Form 8-K

UNITED STATES

SECURITIES AND EXCHANGE COMMISSION

WASHINGTON, DC 20549

 


FORM 8-K

 


CURRENT REPORT PURSUANT

TO SECTION 13 OR 15(D) OF THE

SECURITIES EXCHANGE ACT OF 1934

Date of report (Date of earliest event reported) March 30, 2006

 


Lazard Ltd

(Exact Name of Registrant as Specified in Its Charter)

 


 

Bermuda   001-32492   98-0437848

(State or Other Jurisdiction

of Incorporation)

  (Commission File Number)   (IRS Employer Identification No.)
Clarendon House, 2 Church Street, Hamilton, Bermuda     HM 11
(Address of Principal Executive Offices)     (Zip Code)

441-295-1422

(Registrant’s Telephone Number, Including Area Code)

Not Applicable

(Former Name or Former Address, if Changed Since Last Report)

 


Check the appropriate box below if the Form 8-K filing is intended to simultaneously satisfy the filing obligation of the registrant under any of the following provisions (see General Instruction A.2. below):

 

¨ Written communications pursuant to Rule 425 under the Securities Act (17 CFR 230.425)

 

¨ Soliciting material pursuant to Rule 14a-12 under the Exchange Act (17 CFR 240.14a-12)

 

¨ Pre-commencement communications pursuant to Rule 14d-2(b) under the Exchange Act (17 CFR 240.14d-2(b))

 

¨ Pre-commencement communications pursuant to Rule 13e-4(c) under the Exchange Act (17 CFR 240.13e-4(c))

 



Item 1.01 Entry into a Material Definitive Agreement

Item 1.02 Termination of a Material Definitive Agreement

Item 2.03 Creation of a Direct Financial Obligation or an Obligation under an Off-Balance Sheet Arrangement

Item 3.02 Unregistered Sales of Equity Securities

On March 31, 2006, Lazard Group LLC (“Lazard Group”) and Banca Intesa S.p.A. (“Intesa”) reached an agreement regarding their future business relationship in Italy.

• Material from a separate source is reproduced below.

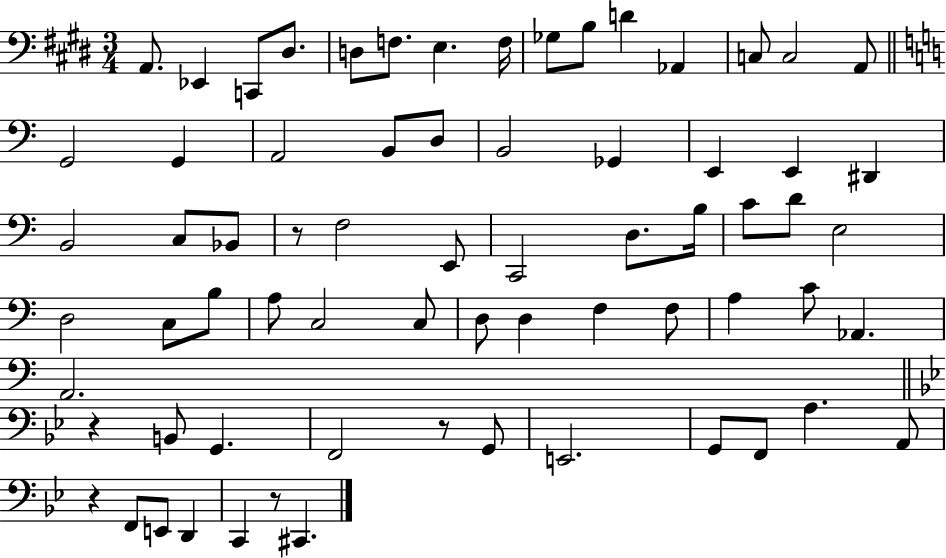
A2/e. Eb2/q C2/e D#3/e. D3/e F3/e. E3/q. F3/s Gb3/e B3/e D4/q Ab2/q C3/e C3/h A2/e G2/h G2/q A2/h B2/e D3/e B2/h Gb2/q E2/q E2/q D#2/q B2/h C3/e Bb2/e R/e F3/h E2/e C2/h D3/e. B3/s C4/e D4/e E3/h D3/h C3/e B3/e A3/e C3/h C3/e D3/e D3/q F3/q F3/e A3/q C4/e Ab2/q. A2/h. R/q B2/e G2/q. F2/h R/e G2/e E2/h. G2/e F2/e A3/q. A2/e R/q F2/e E2/e D2/q C2/q R/e C#2/q.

Pursuant to the existing strategic alliance in effect since January 2003, Lazard Group LLC and Intesa have conducted selected Italian investment banking business solely through Lazard & Co. S.r.l. (“Lazard Italy”), an indirect subsidiary of Lazard Group. As part of the strategic alliance, Intesa made the following investments:

 

    the purchase in March 2003 from Lazard Funding Limited LLC (“Lazard Funding”), a wholly owned subsidiary of Lazard Group, of a $150 million subordinated convertible promissory note (the “$150 Million Subordinated Convertible Note”) issued by Lazard Funding, which is currently convertible into a contractual right that entitles the holder to receive payments that would be equivalent to the distributions that a holder of a three percent equity goodwill interest in Lazard Group would have been entitled to receive (i.e., distributions of the net proceeds of selected fundamental corporate events affecting Lazard Group, such as a sale of all or substantially all of the assets of Lazard Group or a disposition of a line of business);

 

    the investment in June 2003 in Lazard Italy of an amount of Euros then equal to $100 million in exchange for 40% of the capital stock in Lazard Italy (the “Intesa JV Interest”); and

 

    the purchase in June 2003 of a $50 million subordinated promissory note issued by Lazard Italy (the “$50 Million Subordinated Promissory Note”).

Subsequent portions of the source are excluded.